### Required action
In the entries below, repeat only the lines between those holding "Hello friends, in" and "The bubonic plague", inclusive. Leave pictures out.

### Supplied records
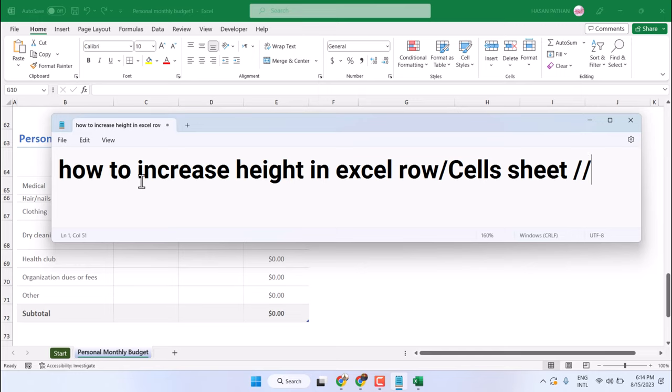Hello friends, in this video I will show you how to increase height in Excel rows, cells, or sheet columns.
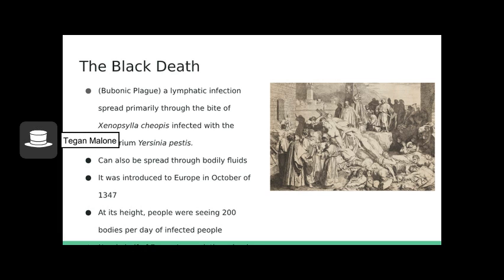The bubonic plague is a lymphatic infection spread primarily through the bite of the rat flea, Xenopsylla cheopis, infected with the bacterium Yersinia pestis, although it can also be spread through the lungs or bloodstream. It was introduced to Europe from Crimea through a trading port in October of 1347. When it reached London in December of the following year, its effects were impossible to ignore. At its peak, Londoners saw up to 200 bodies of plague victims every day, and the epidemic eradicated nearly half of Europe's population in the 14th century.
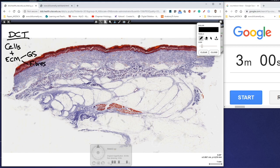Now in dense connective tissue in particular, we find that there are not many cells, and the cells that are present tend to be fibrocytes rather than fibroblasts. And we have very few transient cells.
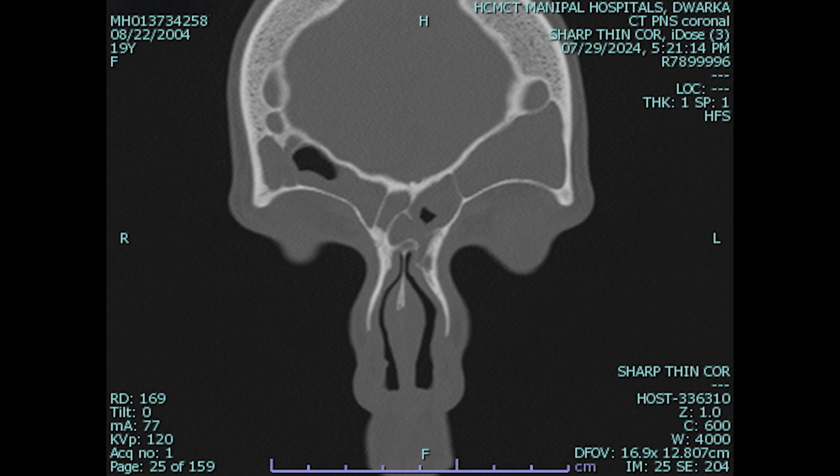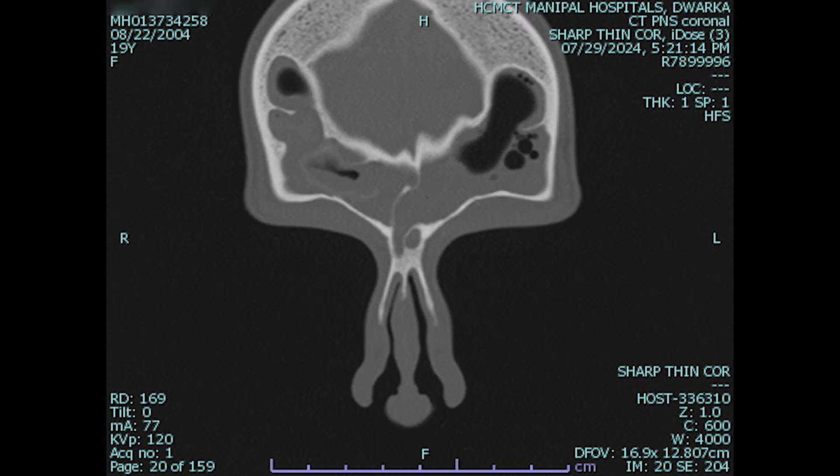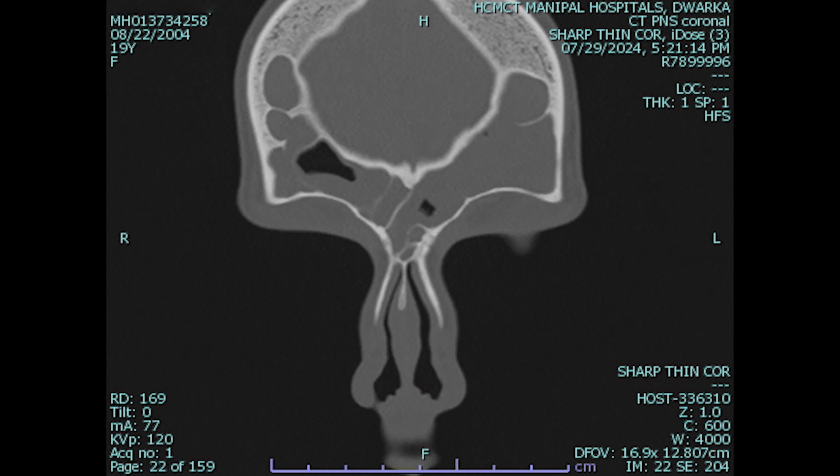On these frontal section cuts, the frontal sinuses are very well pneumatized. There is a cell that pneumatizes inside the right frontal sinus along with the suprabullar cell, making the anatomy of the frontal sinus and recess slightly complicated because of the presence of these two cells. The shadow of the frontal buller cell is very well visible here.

--

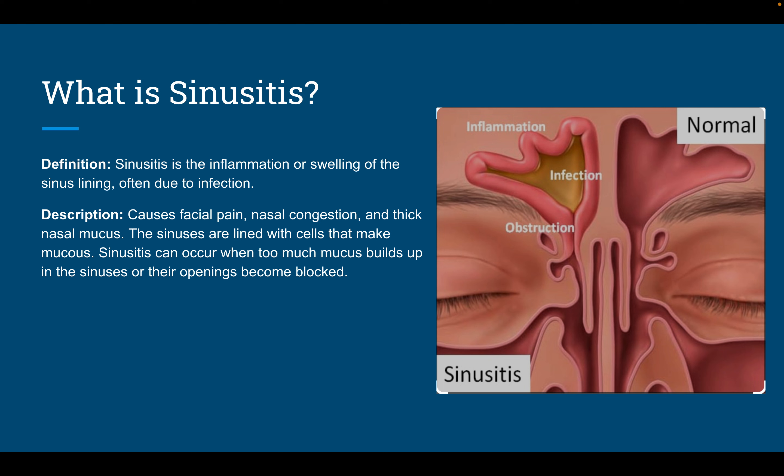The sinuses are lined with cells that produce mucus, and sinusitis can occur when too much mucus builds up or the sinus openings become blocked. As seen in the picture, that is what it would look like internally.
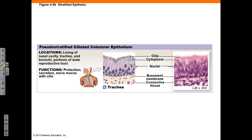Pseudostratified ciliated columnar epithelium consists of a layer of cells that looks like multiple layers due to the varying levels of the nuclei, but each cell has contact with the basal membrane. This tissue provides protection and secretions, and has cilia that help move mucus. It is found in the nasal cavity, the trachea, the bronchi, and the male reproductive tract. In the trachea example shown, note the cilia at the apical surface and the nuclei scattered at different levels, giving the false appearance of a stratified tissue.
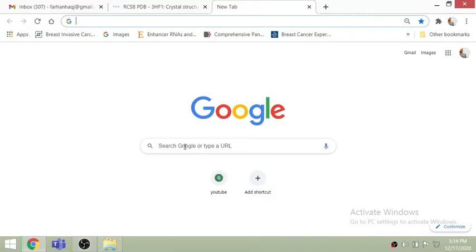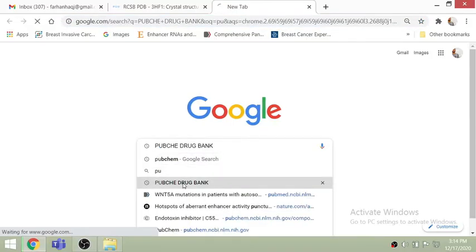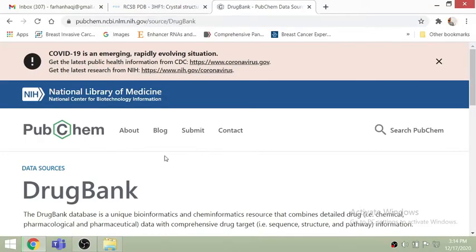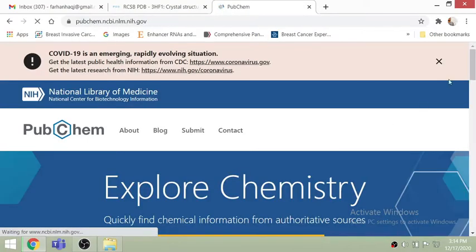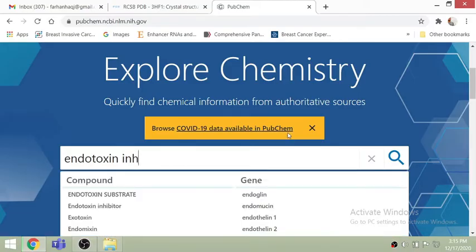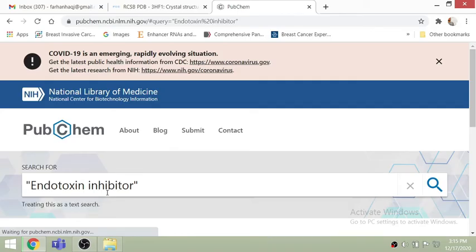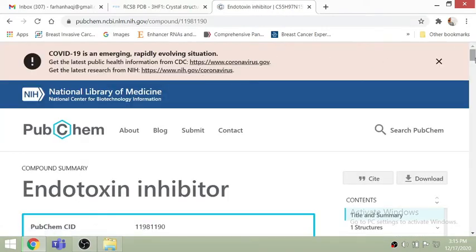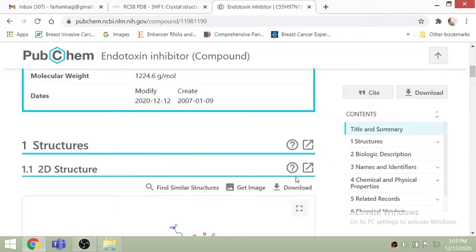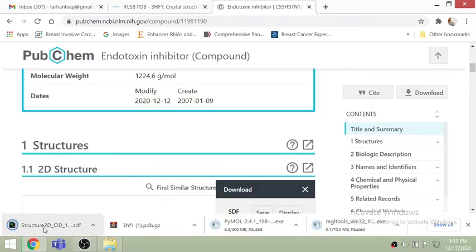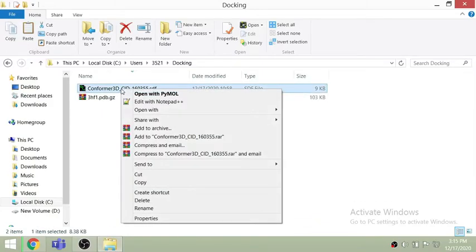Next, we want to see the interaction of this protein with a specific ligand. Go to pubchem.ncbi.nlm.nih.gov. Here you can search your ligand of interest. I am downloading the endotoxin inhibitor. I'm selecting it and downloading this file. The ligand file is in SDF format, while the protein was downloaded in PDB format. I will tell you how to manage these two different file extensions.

--

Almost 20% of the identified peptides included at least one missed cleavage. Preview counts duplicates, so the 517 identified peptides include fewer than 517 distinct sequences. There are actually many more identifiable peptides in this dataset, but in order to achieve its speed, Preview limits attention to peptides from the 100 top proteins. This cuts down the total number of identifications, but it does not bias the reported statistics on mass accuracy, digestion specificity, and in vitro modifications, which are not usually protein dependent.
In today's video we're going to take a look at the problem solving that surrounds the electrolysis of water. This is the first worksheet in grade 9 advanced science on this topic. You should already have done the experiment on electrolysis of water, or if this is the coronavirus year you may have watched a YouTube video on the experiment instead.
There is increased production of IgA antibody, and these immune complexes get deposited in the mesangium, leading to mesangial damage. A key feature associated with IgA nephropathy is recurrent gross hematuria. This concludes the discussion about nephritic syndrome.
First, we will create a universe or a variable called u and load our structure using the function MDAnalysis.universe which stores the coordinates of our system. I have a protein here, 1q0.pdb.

### Response
Hello friends, in this video I will show you how to increase height in Excel rows, cells, or sheet columns.
The bubonic plague is a lymphatic infection spread primarily through the bite of the rat flea, Xenopsylla cheopis, infected with the bacterium Yersinia pestis, although it can also be spread through the lungs or bloodstream. It was introduced to Europe from Crimea through a trading port in October of 1347. When it reached London in December of the following year, its effects were impossible to ignore. At its peak, Londoners saw up to 200 bodies of plague victims every day, and the epidemic eradicated nearly half of Europe's population in the 14th century.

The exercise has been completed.